Now, Helen Mirren has added her mite to the debate, not only agreeing with Hare but pointing out that "most of those bodies are young women".

That fact won't have escaped women viewers, curled up on the sofa as we are, painting our nails, or more likely gnawing them. An evening in front of the latest bloodbath is less of a quiet night in than a test of one's reflexes, guessing when to look away, press the mute button or dive into the kitchen for a cup of tea.

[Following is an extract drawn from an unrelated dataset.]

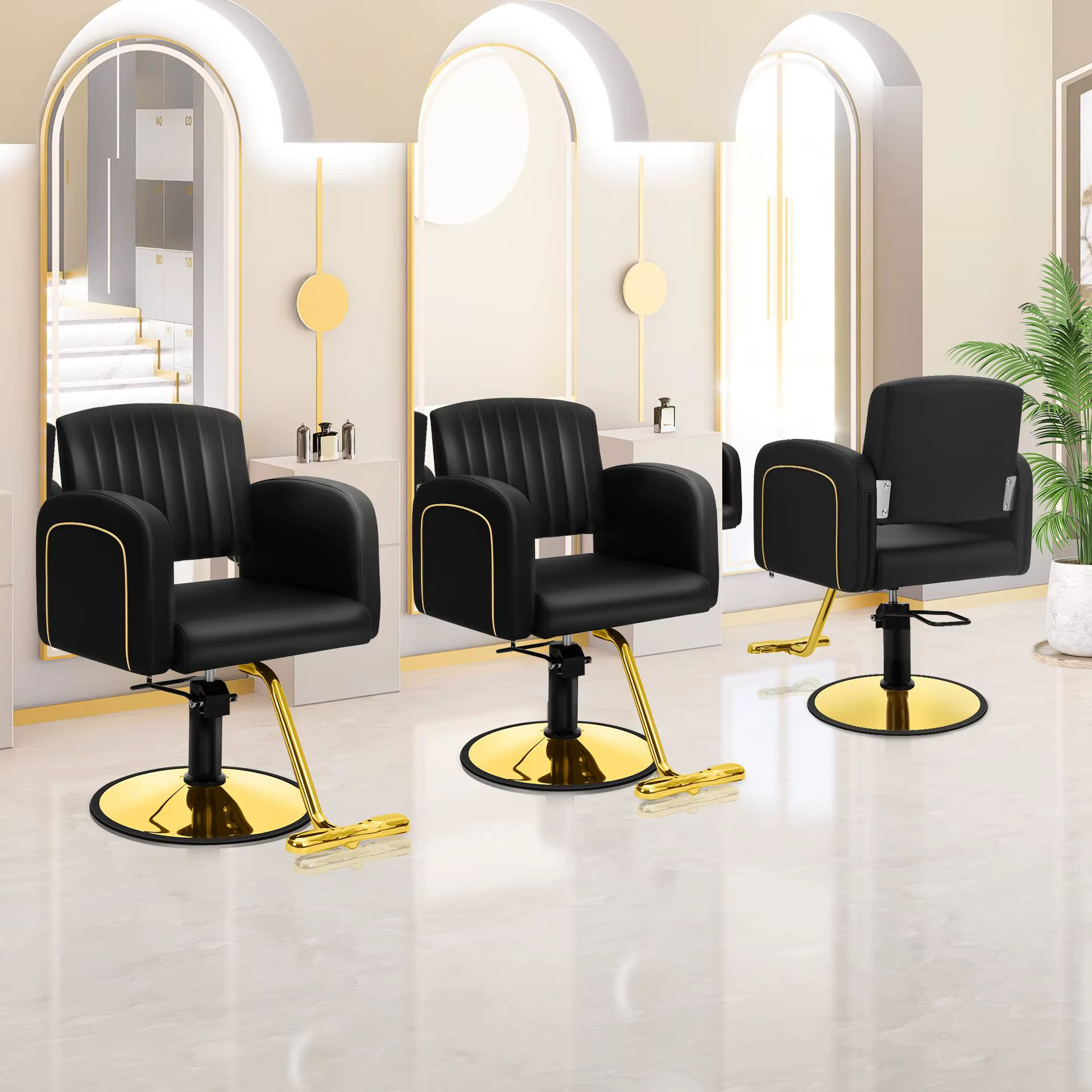 Latest New Modern Ergonomic Salon Chair — image 5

I can't speak for others, but agonised screams and squelchy sound effects are not my idea of fun. Unlike the person with whom I share the sofa, I'm not particularly squeamish. I could watch open-heart surgery without a blink - it might even be interesting. What disturbs me, though, is torture and murder. Hence in every episode minutes can pass while we stare into each other's eyes, like a pair of trainee opticians, until the worst is over.

Mirren's comments were reported shortly before last night's Baftas, where she was awarded a Bafta Fellowship, the British film industry's highest honour. The irony won't have escaped her that she first made her name as Detective Inspector Jane Tennison, investigating horrendous murders of women in Prime Suspect. In its time, this series was as gritty as anything shown after the watershed. By today's standards, it is like Agatha Christie, almost innocent in its use of suggestion rather than graphic detail, and wholly believable in terms of police work and murder rate.

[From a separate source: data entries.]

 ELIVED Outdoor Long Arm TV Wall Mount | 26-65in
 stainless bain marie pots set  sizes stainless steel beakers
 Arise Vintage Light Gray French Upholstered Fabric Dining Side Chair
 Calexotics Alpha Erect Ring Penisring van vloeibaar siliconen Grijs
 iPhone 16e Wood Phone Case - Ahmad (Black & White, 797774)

It didn't need a Bafta accolade to establish Mirren as probably Britain's most influential actor, yet even she thinks she's fighting a losing battle when protesting about the women's bodies strewn on TV's killing fields. What hope, then, for the rest of us, as we peer between our fingers at the latest act of dismemberment?

The trend for the sadistic slaying of women began in crime fiction many years ago, and has escalated revoltingly since then by writers, I should add, of both sexes. Indeed, in a spat some years ago with his friend Val McDermid, Ian Rankin said women's crime writing could be nastier than men's. He certainly is of a school where, in the battle between good taste and voyeuristic thrills, discretion always wins. Maybe, indeed, that explains his popularity, because Mirren and Hare cannot be the only ones sickened and unconvinced by the shower of corpses in every grisly film or novel.

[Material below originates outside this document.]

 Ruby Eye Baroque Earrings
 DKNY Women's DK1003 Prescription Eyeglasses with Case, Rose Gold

Some might be bemused by a rant against the mistreatment of fictional characters, but sadly what we see on our screens is not pure fantasy. Until the casual, gratuitous, titillating slaying of women on screen is curbed, directors' bloodlust will continue to run rampant, reinforcing - or perhaps planting - the idea that women are objects to be used as the sickest of props. For the impressionable, the vicious or the mentally ill, the line between fiction and reality might one day blur. Meanwhile, half the population is expected to sit back with their popcorn and accept that deadly hatred of women and armchair ogling of their mutilated bodies is normal behaviour, its depiction not only a mirror of real-life, but a source of prime-time entertainment. Only kill-joys would complain.

And so we stay quiet. Such is our silence, in fact, it's as if we have been brainwashed to believe that women are natural victims. When men are murdered in films and books, they have usually represented a threat to the killer. When it's women, it is because they are simply the modern drama's equivalent of the troops sent to the front line in the Great War: mere cannon fodder for the movie morgue.

I once was so disgusted by the sadism in a novel by Jo Nesbo that I stuffed it down the side of my train seat. I wish now that I had simply ripped it to shreds. Yet, like The Bridge, The Killing, or countless other series and books where women drop like litter, Nesbo and his film counterparts are enormously popular. And that, I find, is the most frightening thing of all.